[bitnami/postgresql] CrashLoopBackoff when installing postgressql (or postgressql-ha) with a pvc

mrrevillo0815 commented 3 years ago

Which chart: postgresql-10.9.1 | 11.12.0

Describe the bug CrashLoopBackoff when installing postgressql(/postgressql-ha) with a pvc

To Reproduce Steps to reproduce the behavior:

Create PV + PVC
Add PVC as existingClaim in default-config.yaml (with persistence set to true)
Helm install using default-config.yaml

Expected behavior Pods starting without crashing - or at least having a more descriptive error-msg

Version of Helm and Kubernetes:

Output of helm version:

version.BuildInfo{Version:"v3.6.3", GitCommit:"d506314abfb5d21419df8c7e7e68012379db2354", GitTreeState:"clean", GoVersion:"go1.16.5"}

Output of kubectl version:

Client Version: version.Info{Major:"1", Minor:"21", GitVersion:"v1.21.3", GitCommit:"ca643a4d1f7bfe34773c74f79527be4afd95bf39", GitTreeState:"clean", BuildDate:"2021-07-15T21:04:39Z", GoVersion:"go1.16.6", Compiler:"gc", Platform:"linux/amd64"}
Server Version: version.Info{Major:"1", Minor:"21", GitVersion:"v1.21.3", GitCommit:"ca643a4d1f7bfe34773c74f79527be4afd95bf39", GitTreeState:"clean", BuildDate:"2021-07-15T20:59:07Z", GoVersion:"go1.16.6", Compiler:"gc", Platform:"linux/amd64"}

Additional context

Using Ubuntu 20.04
The PV is a local volume on an NTFS-Drive, where i seemingly cannot change the ownership of the Files (it "allows me" to execute commands like chown without reporting errors, but effectively does nothing.

The Logs read

postgresql 15:20:44.42 
postgresql 15:20:44.43 Welcome to the Bitnami postgresql container
postgresql 15:20:44.43 Subscribe to project updates by watching https://github.com/bitnami/bitnami-docker-postgresql
postgresql 15:20:44.43 Submit issues and feature requests at https://github.com/bitnami/bitnami-docker-postgresql/issues
postgresql 15:20:44.43 
postgresql 15:20:44.44 INFO  ==> ** Starting PostgreSQL setup **
postgresql 15:20:44.46 INFO  ==> Validating settings in POSTGRESQL_* env vars..
postgresql 15:20:44.47 INFO  ==> Loading custom pre-init scripts...
postgresql 15:20:44.48 INFO  ==> Initializing PostgreSQL database...
postgresql 15:20:44.50 INFO  ==> pg_hba.conf file not detected.

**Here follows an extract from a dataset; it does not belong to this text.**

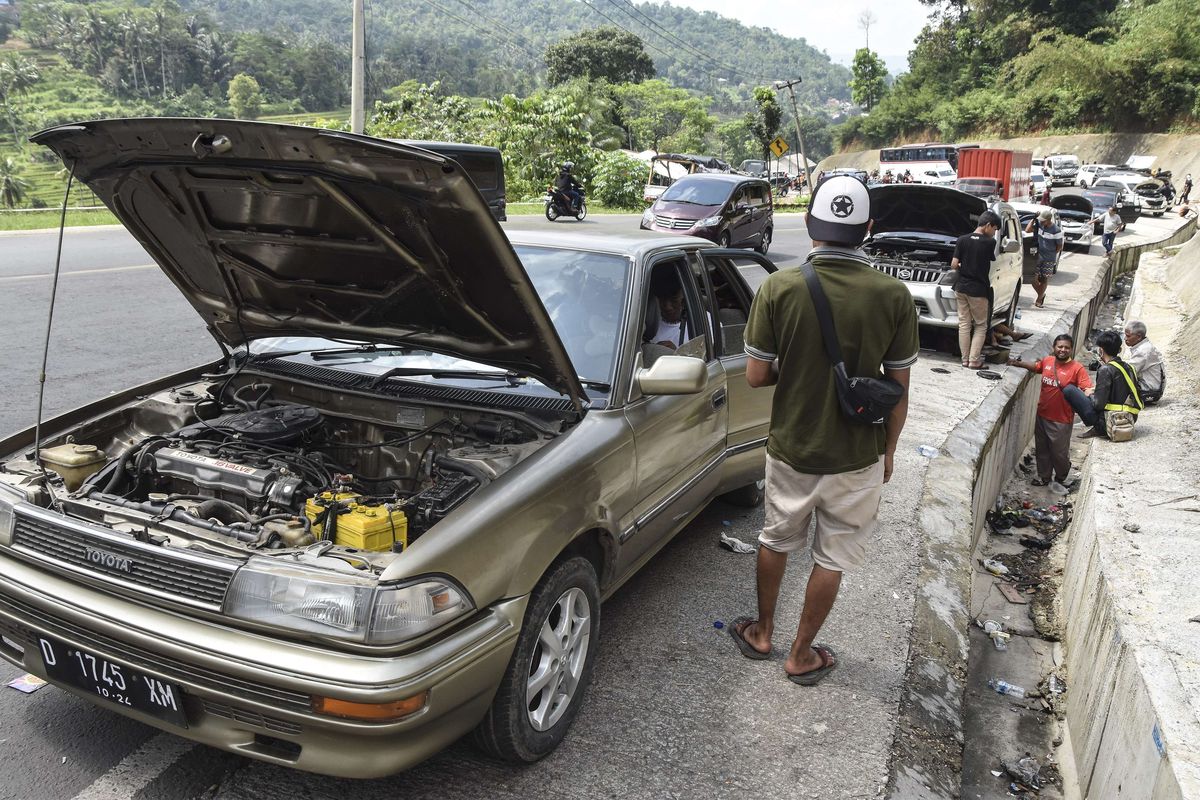 Sejumlah kendaraan pemudik yang mengalami kerusakan parkir di bahu Jalan Lingkar Gentong Bawah, Kadipaten, Kabupaten Tasikmalaya, Jawa Barat, Jumat (6/5/2022). Puluhan kendaraan pemudik mengalami mogok atau kerusakan akibat tidak kuat menanjak sehingga arus lalu lintas di Jalur Selatan tersendat.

Generating it...
postgresql 15:20:44.50 INFO  ==> Generating local authentication configuration

and end there.

A data folder is created on the mounted device before it crashes
When i tried it with the ha-version, there were two config-files present, and the logs stopped at Custom configuration /opt/bitnami/postgresql/conf/pg_hba.conf detected
The error reads CrashLoopBackOff
I tried running it with persistence.enabled=false - it works without problems
I have tried setting volumePermissions.enabled=true, which also did not work

I suspect that there might be problems regarding the fs-ownesrship as ntfs does not seem to support them in a linux-friendly way.

juan131 commented 3 years ago

Hi @mrrevillo0815

Please note you can set the volumePermissions.enabled parameter to true to add a init container that adapts the permissions on the fly, see:

https://github.com/bitnami/charts/tree/master/bitnami/postgresql-ha#volume-permissions-parameters

This is useful for environments in which the K8s version doesn't support SecurityContext or the specific StorageClass is not compatible with it.

On the other hand, please note that using an existing claim (via the persistence.existingClaim parameter) is not compatible with running multiple PostgreSQL backend nodes since every replica will share the same volume. Therefore, you'll be limited to use postgresql.replicaCount=1.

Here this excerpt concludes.